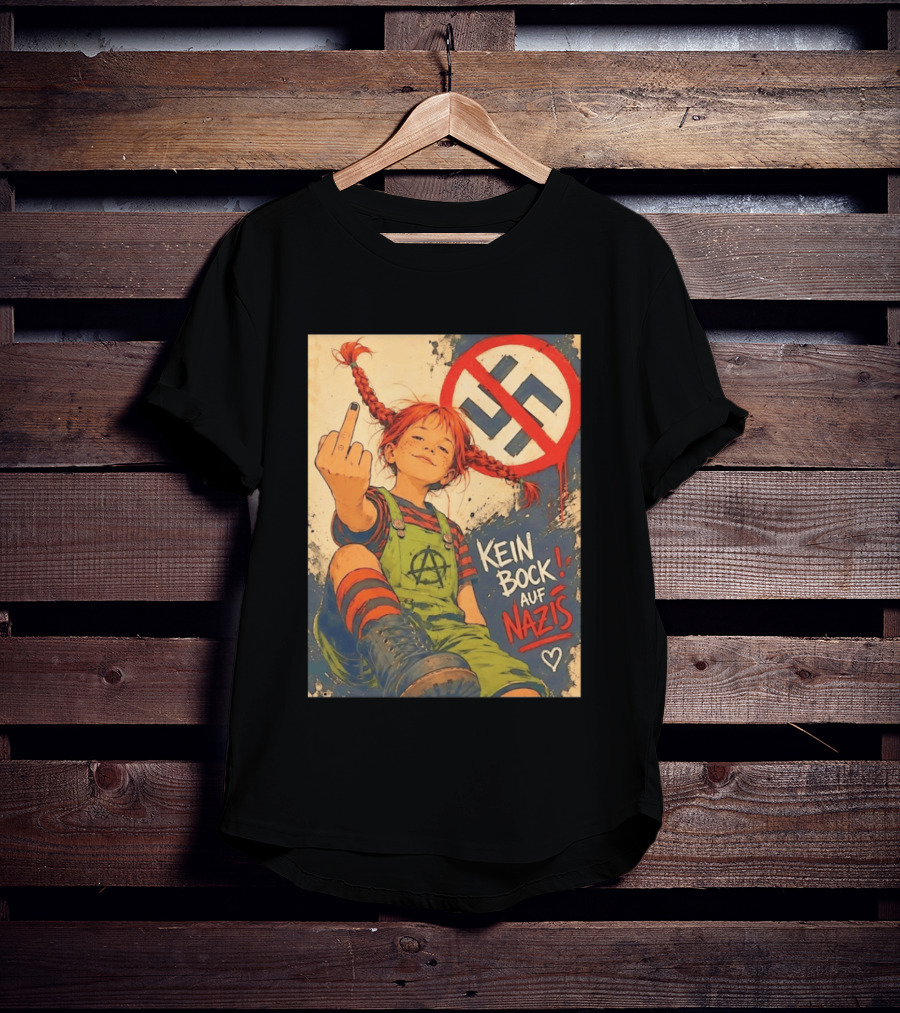 Pippi Longstocking Kein Bock Auf Nazis Middle Finger Anti Nazi Sign Anarchy T-Shirt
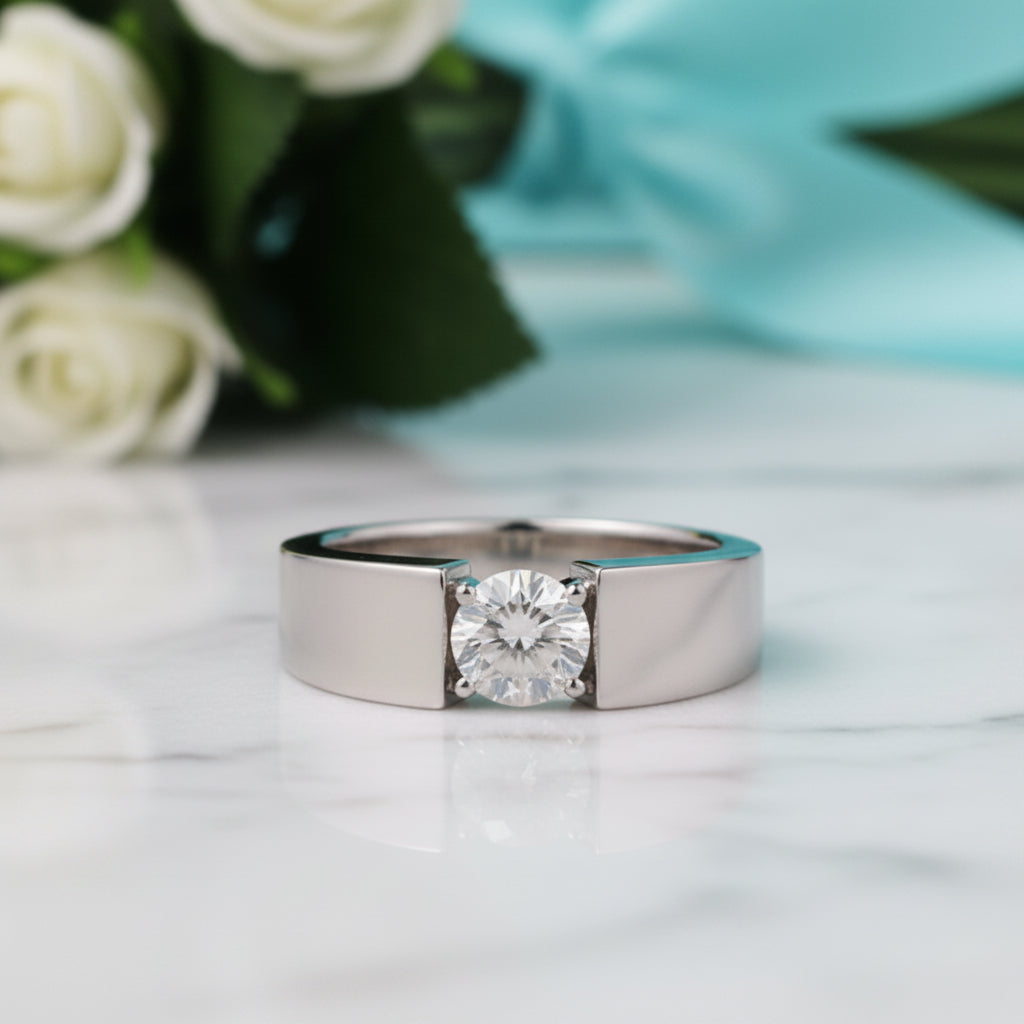 1.0 Ct Round Cut Diamond Men's Solitaire Wedding Ring-Evani Jewelry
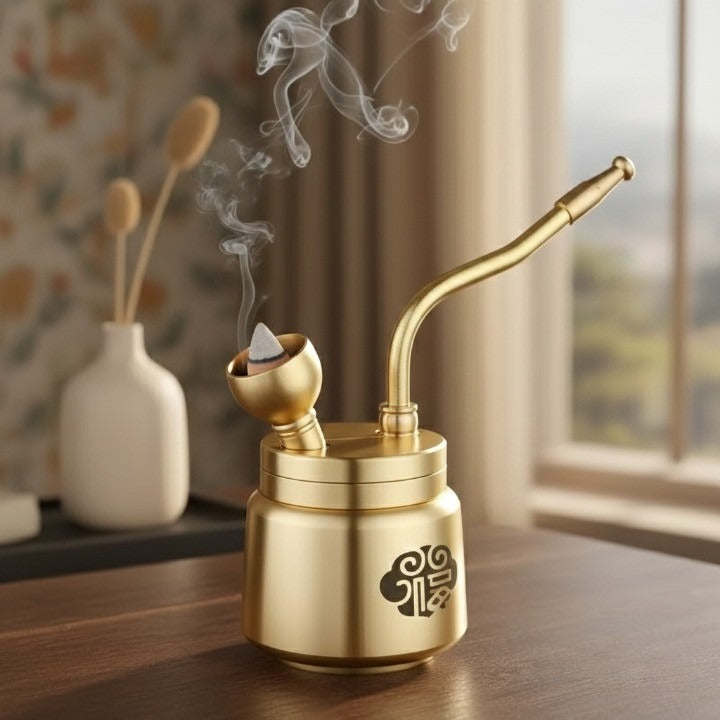 Close-up of the Artisan Brass Pipe Aromatherapy Incense Burner's unique design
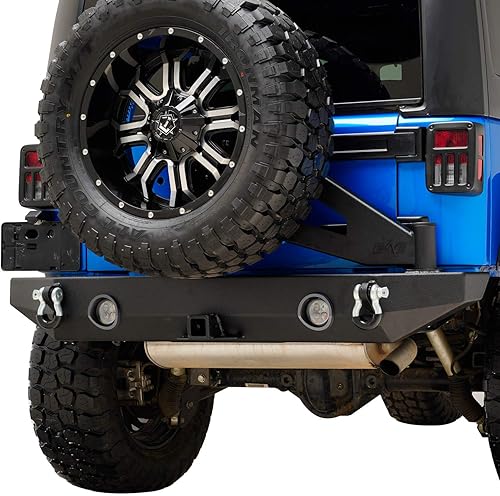 Miniatura 5 de EAG Compatible con parachoques trasero JK con portaneumáticos 07-18 Wrangler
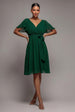 Sustainable Flutter Sleeve Chiffon Wrap Midi Dress - Green by Goddiva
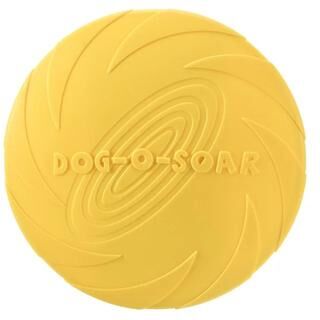 Inspire Select Interactive Silicone Flying Saucer Dog Toy Chew Resistant Flying Disc For Puppy Training, Fetch & Outdoor Play yellow l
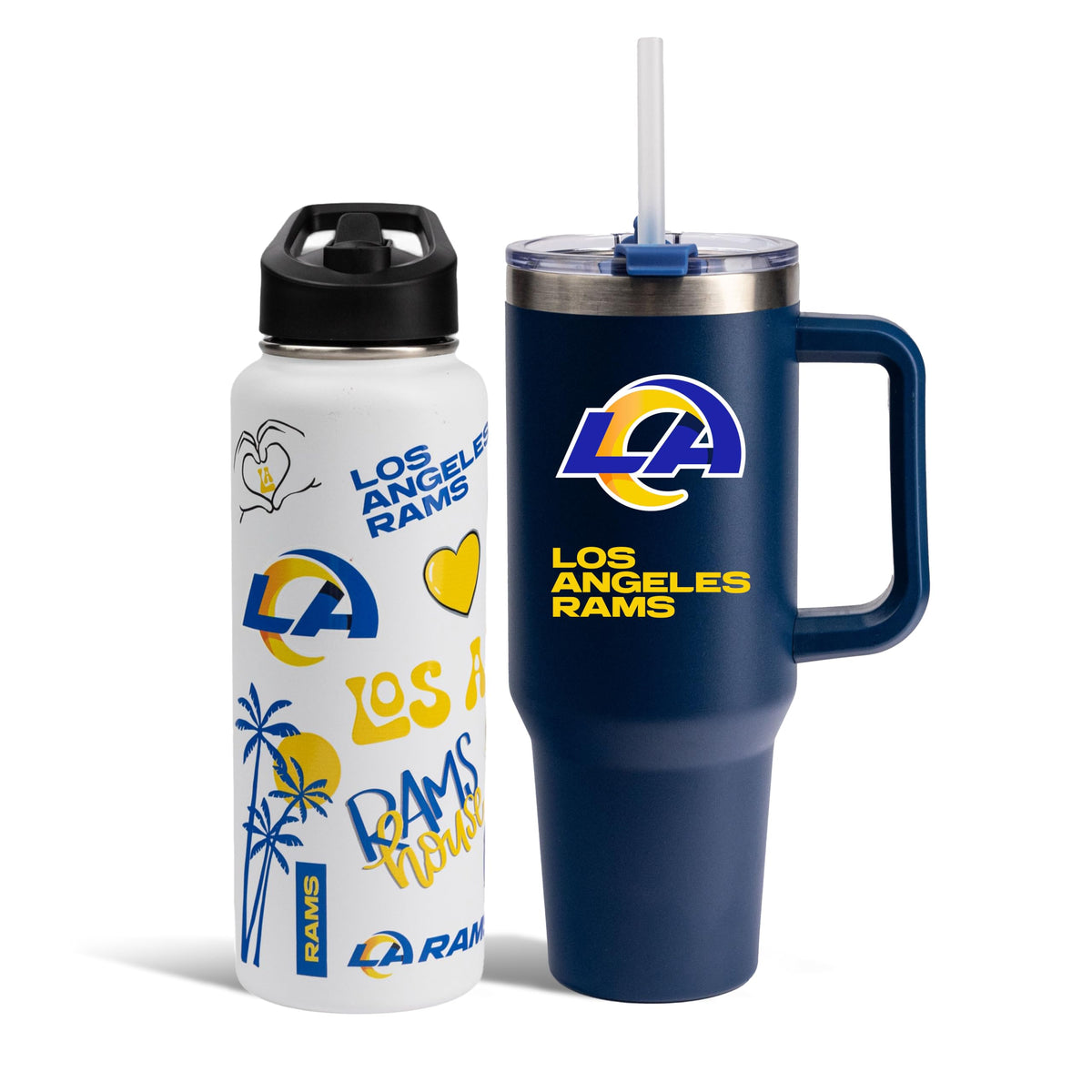 The Memory Company Officially Licensed NFL 2-Pack Stainless Steel Tumbler Set, 34oz Team Spirit Water Bottle & 40oz Game Day Tumbler with Lid and Straw, BPA-Free Materials, Convenient Straw Design
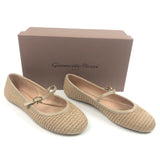 Natural CARLA Leather-trimmed Raffia Mary Jane Ballet Flats / GIANVITO ROSSI - Size 38
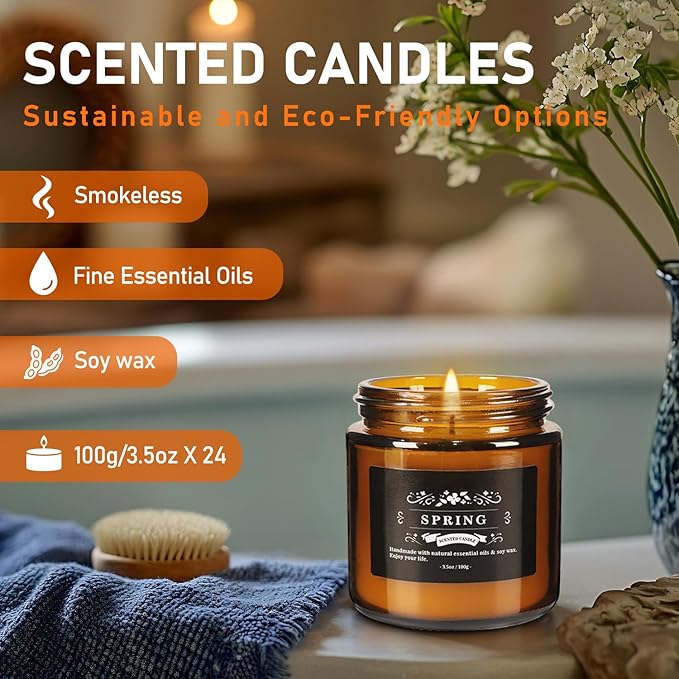 24 Packs Scented Candles for Home, 3.05oz，Soy Wax Aromatherapy Candles - Image 3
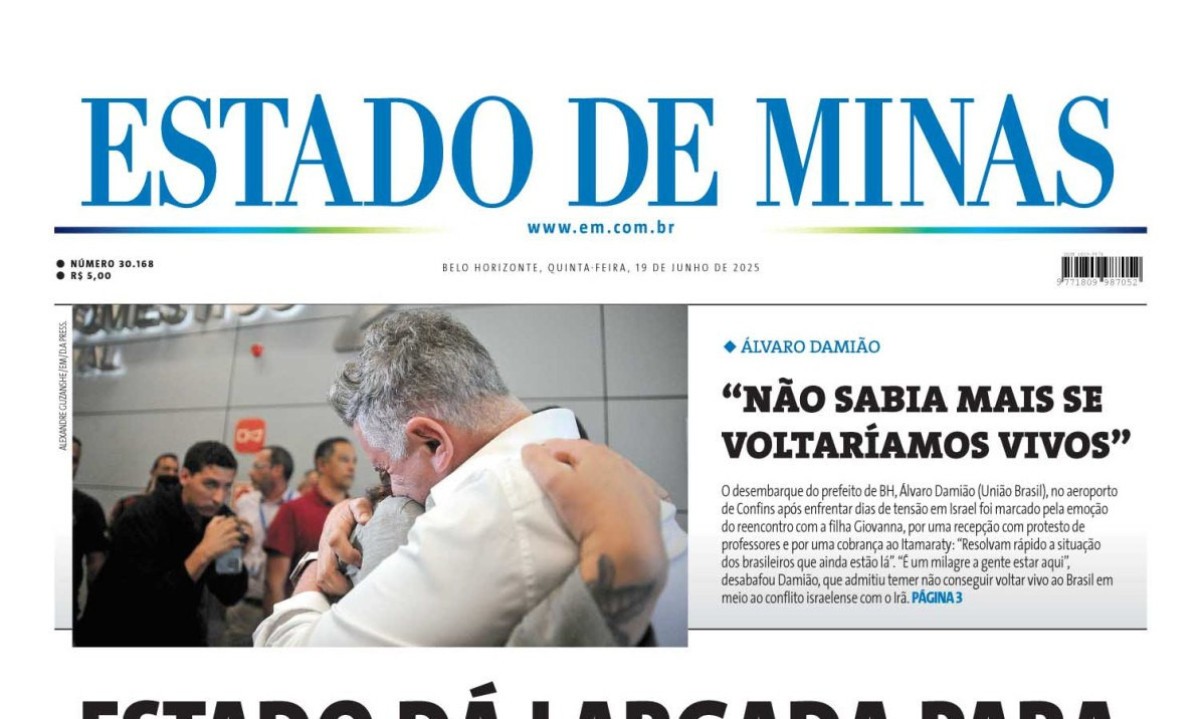 Confira a capa do Estado de Minas do dia 19/06/2025 - (crédito: Estado de Minas)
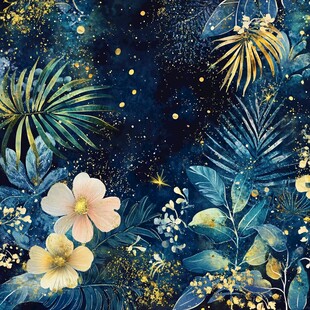 梦幻夜下的热带花卉景观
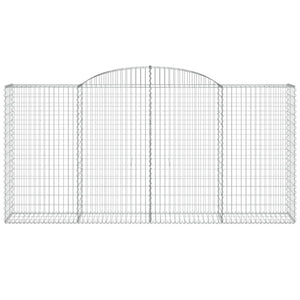 Gabionen mit Hochbogen 7 Stk. 300x50x140/160cm Verzinktes Eisen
|---|
* **Required work**
Each line above should be returned exactly as written, apart from any pictures.

* **Exercise result**
 Pippi Longstocking Kein Bock Auf Nazis Middle Finger Anti Nazi Sign Anarchy T-Shirt
 1.0 Ct Round Cut Diamond Men's Solitaire Wedding Ring-Evani Jewelry
 Close-up of the Artisan Brass Pipe Aromatherapy Incense Burner's unique design
 Miniatura 5 de EAG Compatible con parachoques trasero JK con portaneumáticos 07-18 Wrangler
 Sustainable Flutter Sleeve Chiffon Wrap Midi Dress - Green by Goddiva
 Inspire Select Interactive Silicone Flying Saucer Dog Toy Chew Resistant Flying Disc For Puppy Training, Fetch & Outdoor Play yellow l
 The Memory Company Officially Licensed NFL 2-Pack Stainless Steel Tumbler Set, 34oz Team Spirit Water Bottle & 40oz Game Day Tumbler with Lid and Straw, BPA-Free Materials, Convenient Straw Design
 Natural CARLA Leather-trimmed Raffia Mary Jane Ballet Flats / GIANVITO ROSSI - Size 38
 24 Packs Scented Candles for Home, 3.05oz，Soy Wax Aromatherapy Candles - Image 3
 Confira a capa do Estado de Minas do dia 19/06/2025 - (crédito: Estado de Minas)
 梦幻夜下的热带花卉景观
 Gabionen mit Hochbogen 7 Stk. 300x50x140/160cm Verzinktes Eisen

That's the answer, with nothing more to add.